Interesting insight into your side of the TWoP recapping world. I’m sort of curious how your few weeks of bad mood affected your moderating on the forums, if at all? It seems like that – especially when combined with how emotional/involved fans can get – might have been a bad combination.
Good question with a stupid answer. The answer is No. It’s my job. Whether or not ten teenagers sing shitty songs for forty-five minutes has nothing to do with whether or not people stay on topic, remember where their shift key is, or allow their fellow posters to question David Cook’s perfection.

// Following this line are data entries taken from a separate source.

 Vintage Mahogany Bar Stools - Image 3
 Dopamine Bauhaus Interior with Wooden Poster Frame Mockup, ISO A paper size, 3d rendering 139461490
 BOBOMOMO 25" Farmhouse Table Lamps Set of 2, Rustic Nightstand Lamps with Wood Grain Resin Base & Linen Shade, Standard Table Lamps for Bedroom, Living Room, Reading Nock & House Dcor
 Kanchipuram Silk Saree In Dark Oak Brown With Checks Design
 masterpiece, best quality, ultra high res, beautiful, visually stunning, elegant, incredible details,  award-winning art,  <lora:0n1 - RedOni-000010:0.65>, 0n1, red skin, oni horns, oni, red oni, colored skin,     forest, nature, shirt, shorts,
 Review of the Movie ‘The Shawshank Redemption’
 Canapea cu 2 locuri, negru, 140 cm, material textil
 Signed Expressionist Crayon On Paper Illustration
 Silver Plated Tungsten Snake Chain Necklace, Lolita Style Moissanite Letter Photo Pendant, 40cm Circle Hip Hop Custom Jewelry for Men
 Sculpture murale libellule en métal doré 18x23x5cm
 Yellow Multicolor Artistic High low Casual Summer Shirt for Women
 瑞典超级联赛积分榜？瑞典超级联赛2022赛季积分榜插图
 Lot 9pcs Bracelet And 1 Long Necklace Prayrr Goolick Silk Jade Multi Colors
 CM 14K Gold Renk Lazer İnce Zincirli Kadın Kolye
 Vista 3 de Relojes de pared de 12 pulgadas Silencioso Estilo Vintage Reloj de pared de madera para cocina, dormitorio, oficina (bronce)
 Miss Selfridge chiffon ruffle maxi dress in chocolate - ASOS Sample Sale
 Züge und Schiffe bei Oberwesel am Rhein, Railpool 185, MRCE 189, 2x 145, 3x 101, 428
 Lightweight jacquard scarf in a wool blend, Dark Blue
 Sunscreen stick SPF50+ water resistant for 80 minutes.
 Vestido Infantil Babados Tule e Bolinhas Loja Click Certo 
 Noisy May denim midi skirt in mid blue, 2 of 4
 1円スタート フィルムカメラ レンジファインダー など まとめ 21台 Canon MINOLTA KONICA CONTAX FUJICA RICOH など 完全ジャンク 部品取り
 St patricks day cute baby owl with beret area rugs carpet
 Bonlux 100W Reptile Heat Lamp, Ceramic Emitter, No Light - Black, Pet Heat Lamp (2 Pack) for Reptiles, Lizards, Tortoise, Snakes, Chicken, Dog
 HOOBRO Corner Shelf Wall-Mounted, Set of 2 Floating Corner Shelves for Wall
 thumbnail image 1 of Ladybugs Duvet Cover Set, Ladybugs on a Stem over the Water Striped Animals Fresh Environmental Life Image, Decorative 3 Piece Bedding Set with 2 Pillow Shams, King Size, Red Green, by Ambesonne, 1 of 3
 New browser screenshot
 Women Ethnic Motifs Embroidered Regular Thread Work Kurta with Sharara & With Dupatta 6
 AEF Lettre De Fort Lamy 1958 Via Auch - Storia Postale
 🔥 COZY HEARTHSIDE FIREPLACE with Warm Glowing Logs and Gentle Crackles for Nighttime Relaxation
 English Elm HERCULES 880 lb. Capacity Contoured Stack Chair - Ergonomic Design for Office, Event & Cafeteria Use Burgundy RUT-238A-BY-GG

My “bad mood” lasts precisely the forty-five it takes to watch/write/think about the episode. It has no bearing on the entirely separate proposition of the fans themselves. This isn’t my first barbecue. But even if it were, the entire point of the job is keeping that stuff separate.
Who do you cast as the Scorpio of the Cylons? I would love it to be Tory.
Only Scorpios ever ask this question. I’ve always put the Eights as Scorpio, not just because of the Six/Virgo Eight/Scorpio thing, but because of all the secrets. I’m thinking primarily of S1 Boomer: she’s very sexual, she has secrets she’s not even interested in dealing with, but she’s very emotionally responsive at the same time. She’s very smart, and very adaptable. Although, as you say, all that fits Tory now too.
Given the quote above, what’s the flavour of the BSG board?
There’s a hard-science fascination with the mechanics and fake science of the show that seems very life-or-death. I don’t know if other sci-fi show fans are like that, I’m guessing that they are. So what’s most specific to BSG is the political stuff. There’s a lot of parliamentary procedure and worrying over the details of governance, that kind of thing. The Farscape people are also like this, but more emotional about it. BSG fans are like, “But how can we make this discussion more equitable without denying the central truth of our differing opinions?” And then there’s the whole lifeboat thing, because the show is so perilous and the ratings and attention paid the show are so up and down, that translates too.